An affecting romance told with intelligence and nuance.

Awards & Accolades

Our Verdict

  • Our Verdict
  • GET IT

In this historical novel, set in the eighth century, a Viking mercenary kidnaps a wealthy woman for profit before they unexpectedly develop romantic feelings for each other.

Lord Cecil Allard hires Norseman Einar Herjolfsson to charge into his upcoming wedding ceremony and kill his fiancee. He pays the Viking half of his fee in advance and says that he can get the rest by stealing silver and gold from the cathedral. But when Einar and his men arrive at the ceremony, there are no riches to be found, so the Viking decides to take the bride, Seraphina, and two of her friends, Iohannes and Hadley, as captives for ransom or later sale. Seraphina turns out to be the daughter of a wealthy landowner with powerful political connections, which presents even greater opportunities for her captors.
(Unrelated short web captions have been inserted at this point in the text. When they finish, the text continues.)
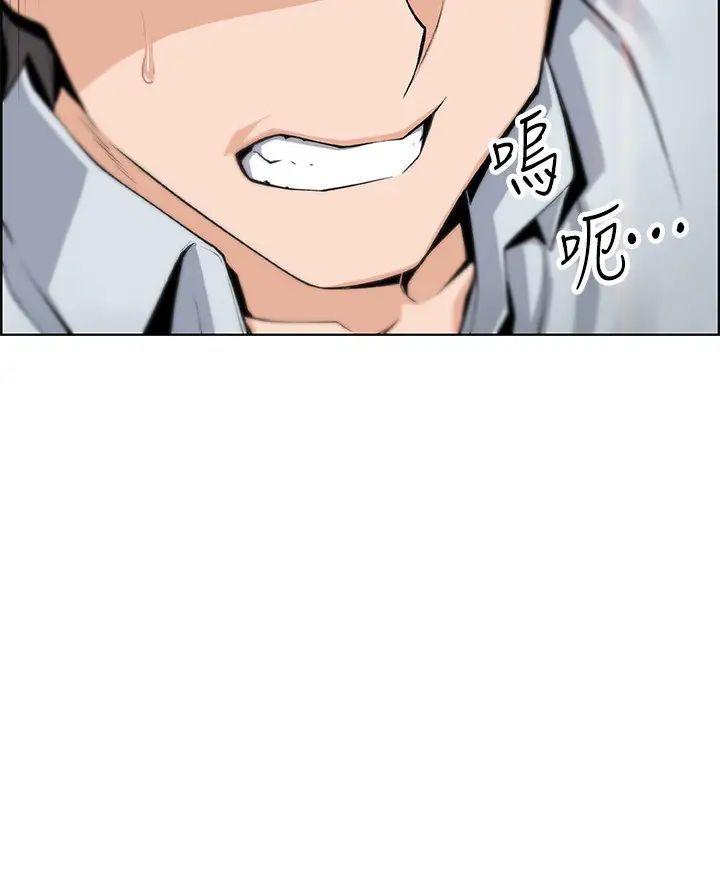 前女友变女佣第46话-为了找正玄和混混决一胜负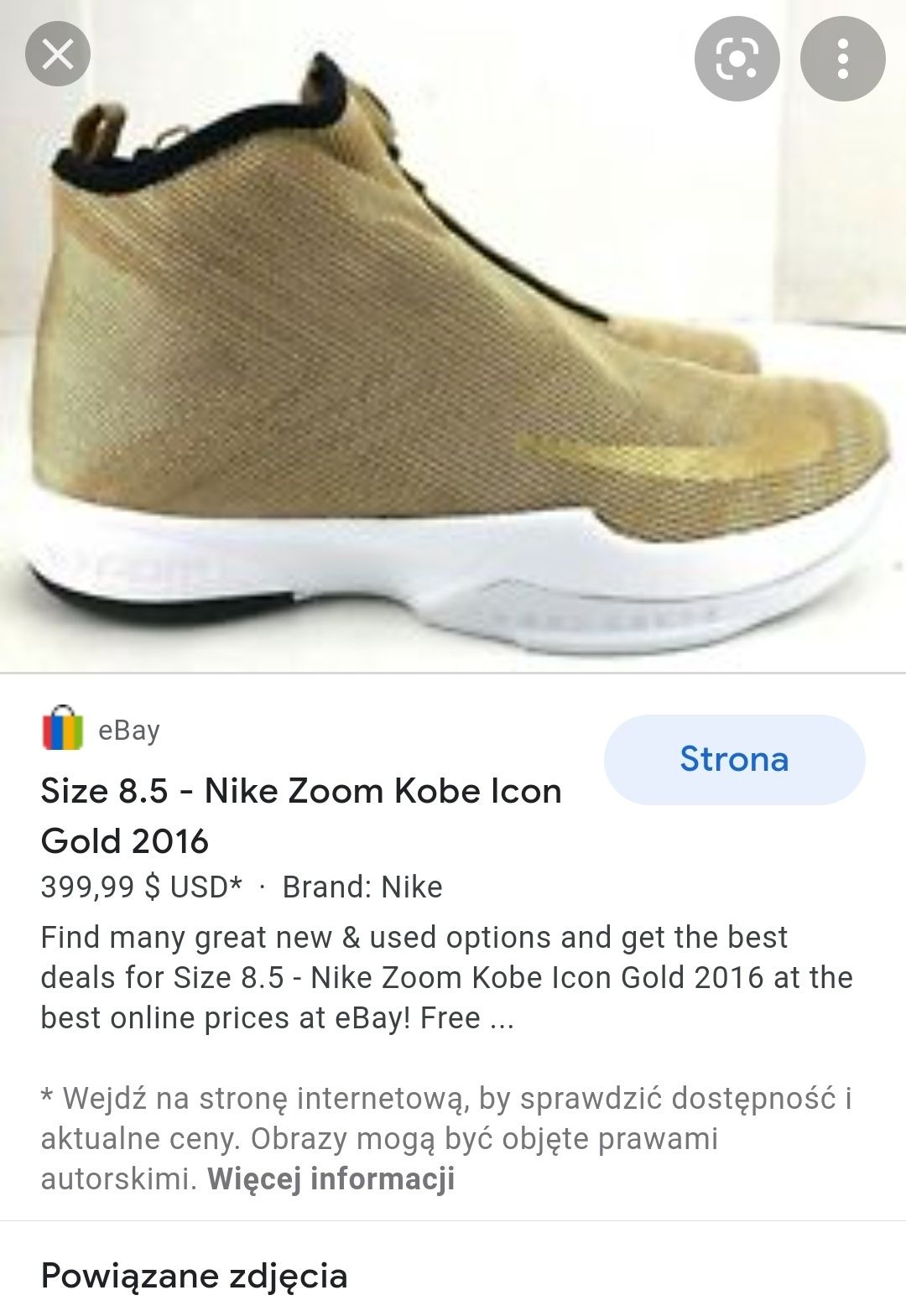 buty Nike KOBE Zoom IKON Gold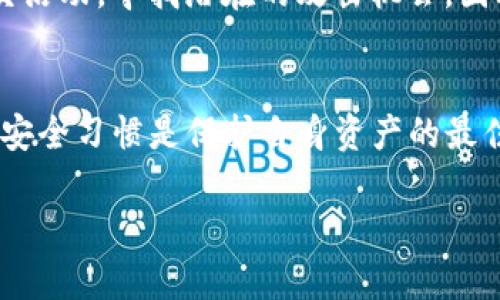 在讨论TP钱包（通常指代“Trust Wallet”）的安全性时，了解可能导致它被盗的情境尤为重要。对用户来说，掌握潜在风险并采取适当的防护措施，可以大大降低损失的可能性。以下是几个常见的情况，可能导致TP钱包被盗：

1. 弱密码或未授权访问
如果您的TP钱包使用了简单的密码，或者您在多个平台上重复使用同样的密码，那么很容易受到攻击者的侵害。攻击者可以通过各种手段，比如社交工程或钓鱼网站，获取您的密码。一旦他们获得了您的密码，就有可能完全控制您的钱包，盗取您的资产。

2. 网络钓鱼攻击
网络钓鱼是黑客常用的技术之一，他们会伪装成可信任的实体，通过邮件、社交媒体或恶意网站诱导您输入私密信息。比如，您可能收到一封看似来自TP钱包的电子邮件，要求您验证账户信息，而实际上这是一个虚假的链接，一旦您输入信息，黑客就能够访问您的钱包。

3. 公共Wi-Fi网络的风险
在咖啡店、机场或其他公共场所使用公共Wi-Fi时，您的设备极有可能受到窃听。即使您正在检查资金或进行交易，攻击者可以通过监听网络流量获取您的敏感信息。因此，在这些网络上进行钱包交易时应格外小心，考虑使用VPN来加密数据流量。

4. 恶意软件和病毒
如果您的手机或电脑感染了恶意软件，黑客可以通过这类程序访问您的钱包信息，进而盗取资产。这些恶意软件可能会记录您的按键、截取屏幕甚至扫描您的文件。因此，确保安装和更新有效的防病毒软件，定期扫描您的设备，以减少风险。

5. 不及时更新钱包应用
TP钱包如同其他软件一样，定期更新以修复已知的安全漏洞。如果您未及时更新应用程序，可能会面临安全漏洞的风险。黑客常常会利用这些漏洞进行攻击，所以保持应用程序的最新版本至关重要。

6. 轻信陌生人的建议
在某些社交平台或论坛上，用户可能会接到关于投资机会或钱包安全的建议，声称可以快速提高资产收益。如果没有进行充分的调查并且完全信任这些陌生人的建议，很可能会被骗甚至损失资金。在任何交易和投资中保持警惕是成功的关键。

7. 私钥和助记词的保管不当
TP钱包的安全性在于其私钥和助记词。这些信息必须妥善保管，绝不能分享给任何人。如果将这些信息存储在不安全的地方，如手机备忘录或图片中，您就有可能遭遇盗窃。最好的做法是将其以纸质形式保管，在安全的地方存放，避免电子保存。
As a result, Einar must protect her from his cohorts, including his rapacious stepbrother, Gunnar, who bitterly feels that Einar’s introduction into the family by marriage has unjustly deprived him of his own “firstborn-son status.” To complicate matters further, Einar finds himself “intrigued” by Seraphina’s combination of beauty and courage from the first moment that he sees her, and his feelings only deepen over time. Eventually, Seraphina begins to return Einar’s affections, and she turns against her fiance completely when she learns of his treacherous plan. Gabel (Making Friends, 2016, etc.) stirringly depicts the fragility of moral principles during a time of violent lawlessness. The attraction between Einar and Seraphina is jarringly implausible on its face, but this only makes it more impressive when the author makes it not only seem credible, but also touching. Also, she powerfully contrasts Einar’s rough-hewn honor and Cecil’s “well-groomed sophistication,” as when the former remarks to Seraphina, “Has he proven himself in battle? Does he treat others fairly? Does he honor his word? I think not.” Overall, Gabel has constructed a work of historical fiction that’s both faithful to the period and dramatically captivating.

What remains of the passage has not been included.